Any one hear when will it be released? what does it change/add?


----------



## NJ Webel (Dec 8, 2004)

Vudu and Amazon Prime streaming apps, and Android support are what is being most talked about. Barring any issues, priority list downloads will begin ~ 9/22.


----------



## BigJimOutlaw (Mar 21, 2004)

Android streaming is the big ticket item (once the app is also updated). Also setting up season passes for shows outside the 14 day window, and fixing a 4:3 aspect ratio bug.

Evidence of Vudu and Amazon Prime Instant has also built up but we don't know if they'll drop for sure with this update yet. I'm keeping them in the "maybe" list.


----------



## JWhites (May 15, 2013)

I'm confused, is it a 10 day window, 12 day window, or 14 day window? I've seen all three mentioned.


----------



## innocentfreak (Aug 25, 2001)

IIRC it is technically 12+2 which is why some say 12 and some say 14. The guide is 12 days forward and 2 back.


----------



## BigJimOutlaw (Mar 21, 2004)

innocentfreak said:


> IIRC it is technically 12+2 which is why some say 12 and some say 14. The guide is 12 days forward and 2 back.


This. It's a 14 day guide in total... 12 forward, 2 back. I think I called it 12 in another thread.

Or is it 12 forward, 1 present day, and 1 back? I never looked.  But 12 days forward for sure.


----------



## JWhites (May 15, 2013)

Ok so would it break TiVo to have the guide data go further out like 14 days forward? That'd be an equal two full calendar weeks.


----------



## BigJimOutlaw (Mar 21, 2004)

"Break" no, but Tribune Media only goes 12 days out for whatever reason.


----------



## innocentfreak (Aug 25, 2001)

I imagine it has to do with what the networks release since many of them on their own sites at most only go out 10-12 days.

Also beyond that you run the risk of more frequent schedule changes.


----------



## davezatz (Apr 18, 2002)

BigJimOutlaw said:


> Evidence of Vudu and Amazon Prime Instant has also built up but we don't know if they'll drop for sure with this update yet. I'm keeping them in the "maybe" list.


I'd say Vudu is for sure at this point. Amazon is a maybe.










Also, the 14+ day recording thing will also help smooth box migration - no more broken season passes when upgrading.


----------



## BigJimOutlaw (Mar 21, 2004)

davezatz said:


> I'd say Vudu is for sure at this point. Amazon is a maybe.
> 
> 
> 
> ...


Sweet. If that is Tivo porn from a 20.4.4 box then there's more evidence for Vudu than Amazon.


----------



## nooneuknow (Feb 5, 2011)

davezatz said:


> I'd say Vudu is for sure at this point. Amazon is a maybe.
> 
> 
> 
> ...


As I've made note of in a few threads, "VuduHost" is already present (but not as an enabled menu selection) in the 20.4.2 software on my 3 base Roamios, and the logs show it is being subjected to the same maintenance routines/health checks that all the software modules are. No sign of anything Amazon, or any modules with names that seem out of place (Dan203 said TiVo sometimes codenames a module, so sightings via log viewing are less likely).


----------



## HarperVision (May 14, 2007)

davezatz said:


> I'd say Vudu is for sure at this point. Amazon is a maybe. Also, the 14+ day recording thing will also help smooth box migration - no more broken season passes when upgrading.
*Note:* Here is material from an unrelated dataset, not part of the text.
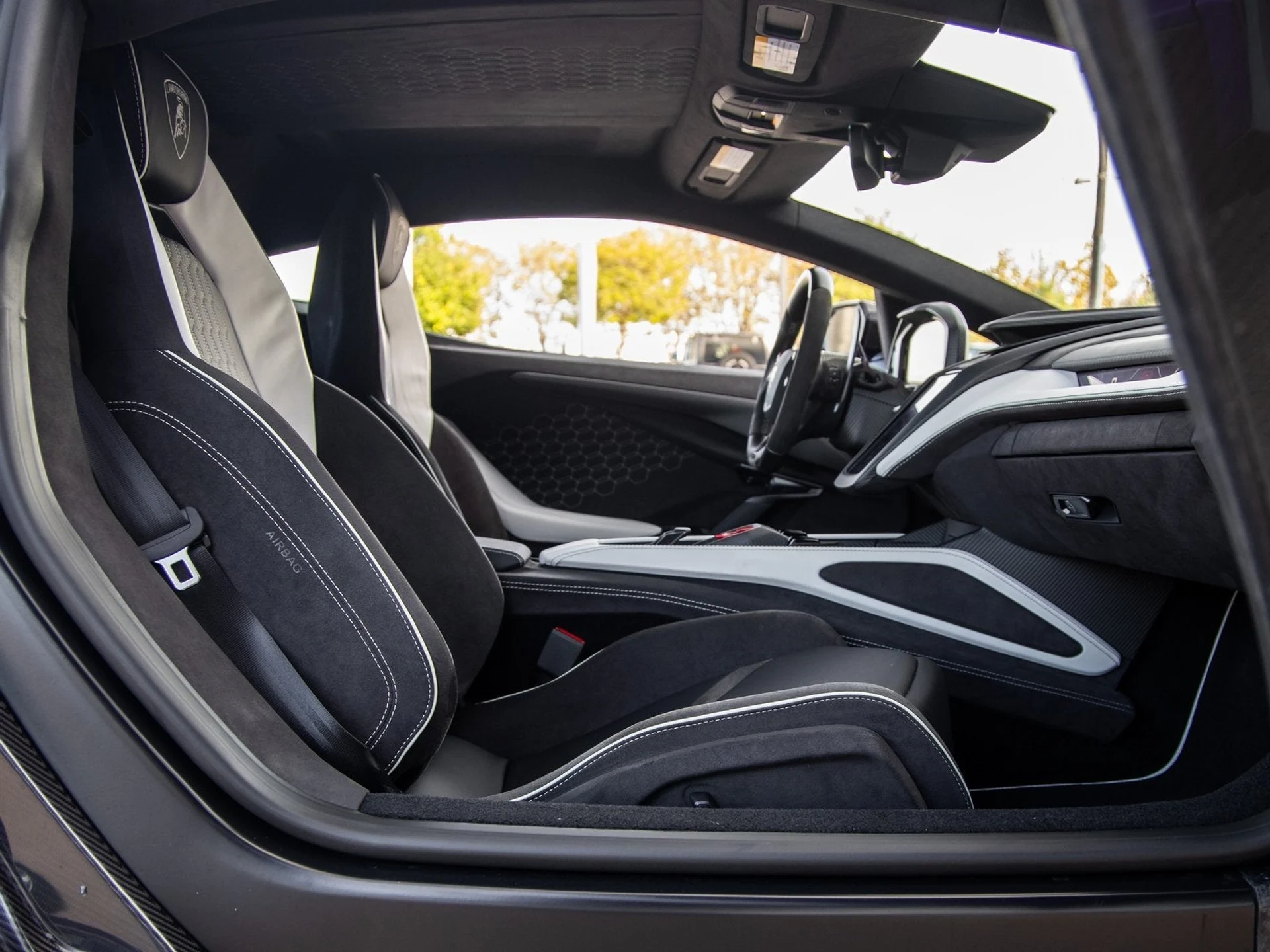 mph046_3136945791_47_52a226385f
Dave, is that an image off of your Roamio or someone else's that already has the update (beta tester?). I don't see you mentioned it on your site yet.


----------



## davezatz (Apr 18, 2002)

HarperVision said:


> I don't see you mentioned it on your site yet.
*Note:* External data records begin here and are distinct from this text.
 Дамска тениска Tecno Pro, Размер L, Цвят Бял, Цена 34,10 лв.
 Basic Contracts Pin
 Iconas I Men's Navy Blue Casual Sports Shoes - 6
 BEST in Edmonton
Been battling my host and site the last week or so. I'm mostly moved onto a new server as of this morning, but have a few more days of cleanup I think. Hope to be posting at a better clip by the end of the week. But, who knows, perhaps TiVo will have announced/confirmed everything at CEDIA before I get to it. 
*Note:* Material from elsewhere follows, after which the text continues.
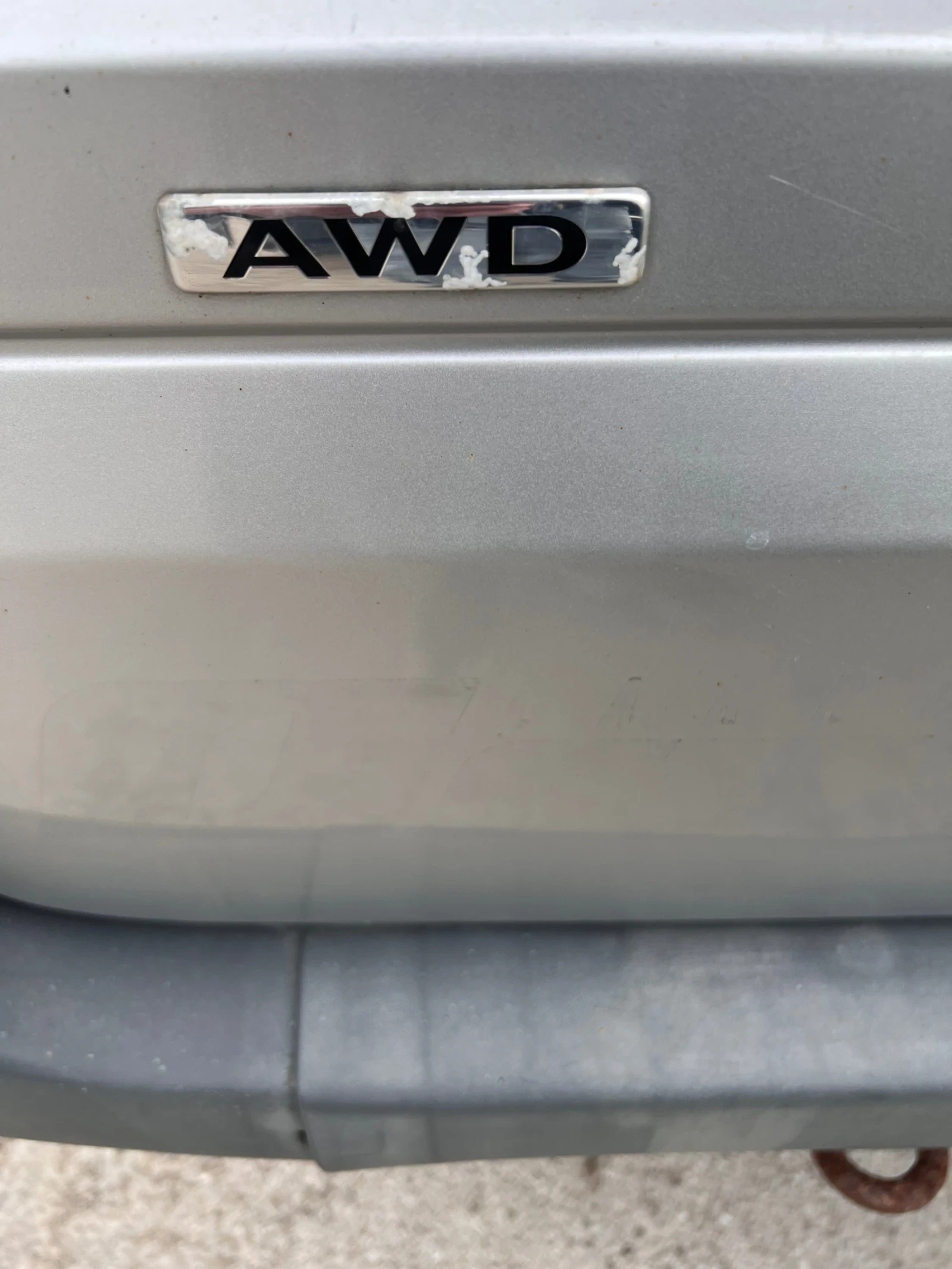 Ford Transit Специализиран нов внос от Швейцария, снимка 12 - Бусове и автобуси - 54207599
As to version numbers, I honestly haven't paid close attention to those things in recent years given the general length between TiVo updates and that apps can often be pushed independently of the underlying OS.


----------



## richbrew (Feb 6, 2002)

davezatz said:


> I'd say Vudu is for sure at this point. Amazon is a maybe. Also, the 14+ day recording thing will also help smooth box migration - no more broken season passes when upgrading.


Does the VUDU app allow downloading, or just streaming?


----------



## dslunceford (Oct 19, 2000)

Where's the priority sign up?


----------



## JWhites (May 15, 2013)

dslunceford said:


> Where's the priority sign up?


http://www.tivo.com/priority20.4.4


----------



## dslunceford (Oct 19, 2000)

JWhites said:


> http://www.tivo.com/priority20.4.4


Thanks!


----------



## nooneuknow (Feb 5, 2011)

JWhites said:


> http://www.tivo.com/priority20.4.4


www.tivo.com/priority will also redirect you to the same page (which is quite a feat, with all the broken links, dead ends, and other issues I'm always having with tivo.com).


----------



## JWhites (May 15, 2013)

In my experience sometimes that URL gets tripped up if the redirect gets borked. Better to stick with the direct link.


----------



## JWhites (May 15, 2013)

dslunceford said:


> Thanks!


Your welcome. :up:


----------



## NJ Webel (Dec 8, 2004)

Ugh, if this is a complete list of what's in the fall update, then a lot of people (myself included) are going to be very disappointed.

http://www.tivo.com/serviceupdates


----------



## innocentfreak (Aug 25, 2001)

Care to elaborate as to why? Also I don't remember this ever being hailed as a major update so I don't know what you were expecting. 

Also keep in mind these aren't patch notes. These usually just list new features. Margret @TiVo usually posts more detailed patch notes around the time of roll out.


----------



## NJ Webel (Dec 8, 2004)

innocentfreak said:


> Care to elaborate as to why? Also I don't remember this ever being hailed as a major update so I don't know what you were expecting.
> 
> Also keep in mind these aren't patch notes. These usually just list new features. Margret @TiVo usually posts more detailed patch notes around the time of roll out.


Elaborate? Sure! For one thing, the thread ~about 6 down from this one, titled, TiVo Fall Update - "Worth the Wait". Amazon Prime Streaming? Vudu? Android support? All mentioned in conjunction with this update, which aren't reflected on that page.

There's lots of discussion both on this board and elsewhere about all of these things, which (if true) would shape up to be a pretty big deal. At least in my estimation.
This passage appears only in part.